THE TASK: Exact copies of all the lines below are required, with the pictures omitted.

INFORMATION SUPPLIED:

......

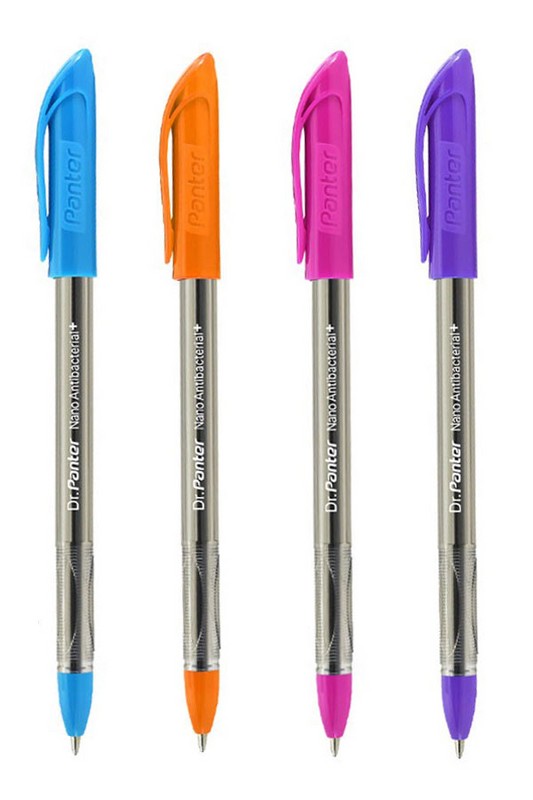 خودکار glass 0.7 رنگی dp 105 فوق روان نانو آنتی باکتریال دکتر پنتر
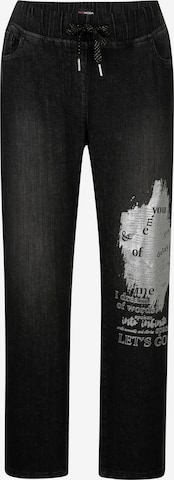 MIAMODA Regular Jeans in Black: front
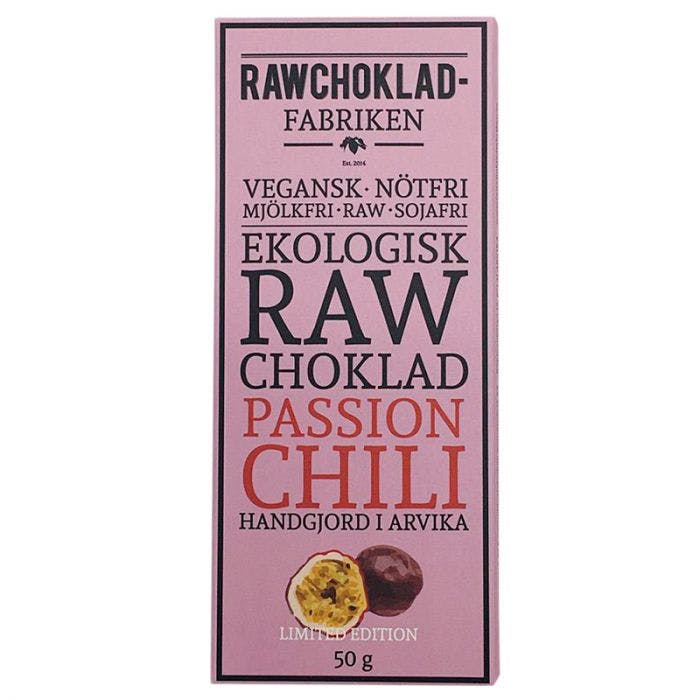 Rawchoklad Passion & Chili EKO Rawchokladfabriken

......

EXPECTED ANSWER:
 خودکار glass 0.7 رنگی dp 105 فوق روان نانو آنتی باکتریال دکتر پنتر
 MIAMODA Regular Jeans in Black: front
 Rawchoklad Passion & Chili EKO Rawchokladfabriken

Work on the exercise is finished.